Believe it or not, Tarek and I started flipping houses with very little experience in investing. We were real estate agents for many years, so we thought we knew the real estate world — including investing — backward and forward.
Little did we know, there was a lot we needed to learn to become successful flippers. Needless to say, we made many mistakes along the way, and I’m sure some of them could have easily been avoided.
As a flipper, especially if you are brand new, you will make mistakes. Don’t get discouraged if you mess up, it happens to all of us.
But learning how to avoid mistakes in the first place will save you valuable time and money. Here are five ways you can take your flipping experience in the wrong direction — and how to sidestep these common errors.
Unfortunately, this is one of the easiest mistakes you can make as a flipper.
When starting out, most flippers have very little idea how much renovating a property will actually cost, and they end up budgeting a random amount.
I’ll be the first to admit that accurately estimating repair costs is not easy. Even after years of investing, Tarek and I still sometimes underestimate repair costs.
More often than not, you won’t see repairs or know about them until you actually start renovating. If you don’t plan for these hidden repairs in your budget from the get-go, it can be really frustrating having to scrounge up extra money to finish your project.

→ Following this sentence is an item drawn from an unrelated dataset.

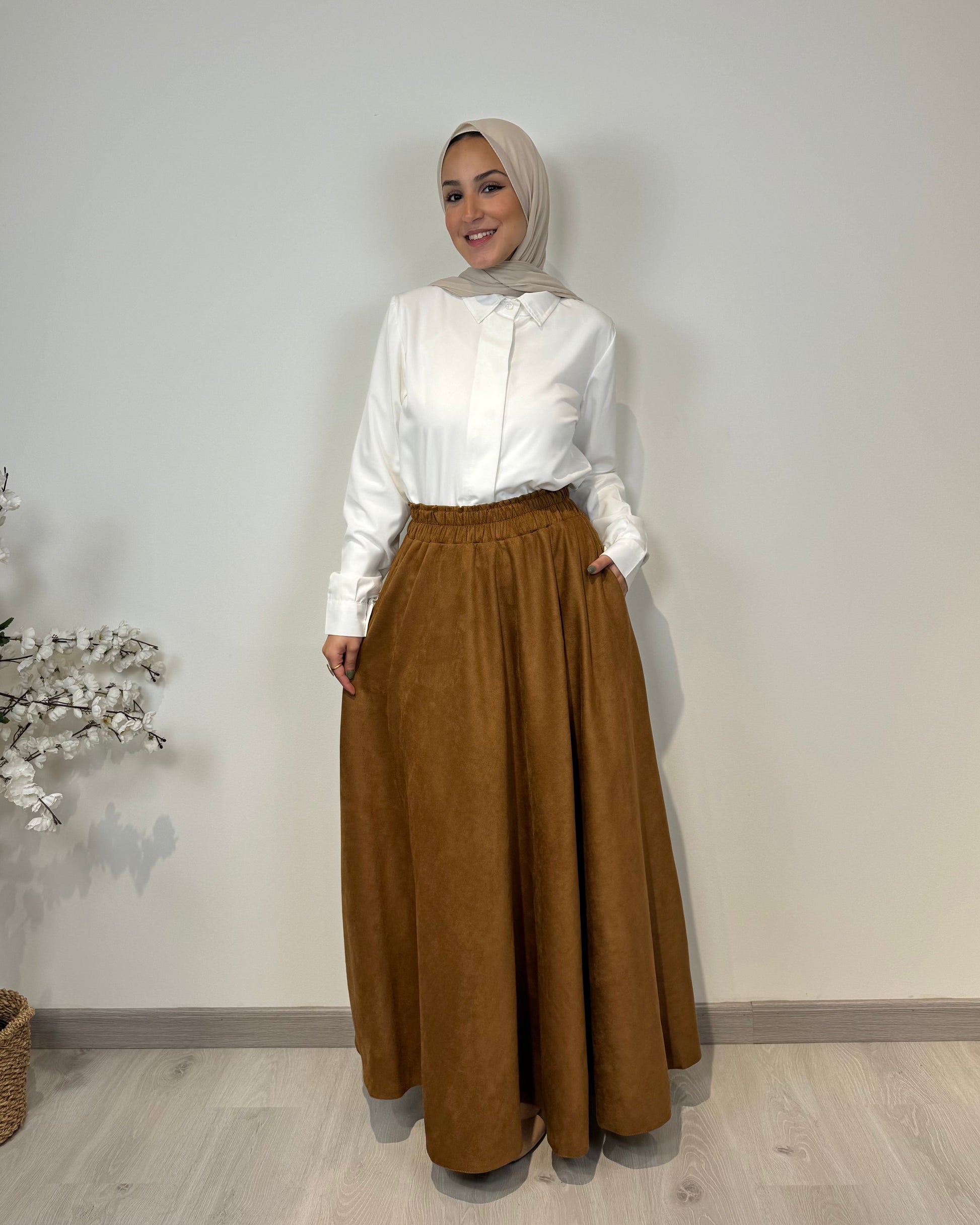 Camel full cloche suede skirt with soft texture and elegant modest style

I recommend working with a contractor when estimating repair costs, as they will be able to get a much more accurate estimate than you will. Tarek and I also add an extra 10-percent buffer to our budget to give us peace of mind when unexpected repairs show up.
I know many newbie flippers who find a good deal on a house, make an offer, and then they come up with an action plan after they purchase the house.

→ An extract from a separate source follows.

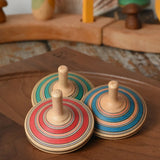 Three Mader Kreiselmanufaktur fado maple wooden finger spinning tops placed on a walnut spinning plate in the Babipur playroom.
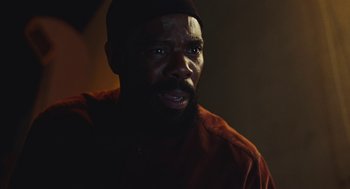 Movie still from “Euphoria” (2019), created by Sam Levinson – A man with a beard is looking at the camera; Close Up shot, Low angle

I hate to break it to you, but this is not a smart idea! While I know that finding a good deal is exciting and often hard to pass up, you need to have your investing strategy set in stone before you start buying houses.
Once you know your plan, you’ll be able to tell which homes fit within your plan, and everything will fall into place.
After investing countless hours, and a large chunk of money, you’ll obviously want to sell your flip quickly so you can make a profit on your hard work.
But if your flip ends up going over budget, takes longer to complete than planned, or makes less money than you were expecting, you could be tempted to list the house for more than you can easily sell it for.
If your flip sits on the market for more than a month, people will begin to wonder what’s wrong with it, and then it will be impossible to sell. You may end up losing money because you can’t get rid of the house.
When deciding on a listing price, compare your flip with comps in the area and base your price on them, even if it means losing money.
I promise you’ll be better off in the long-run if you can get the house off your hands fast.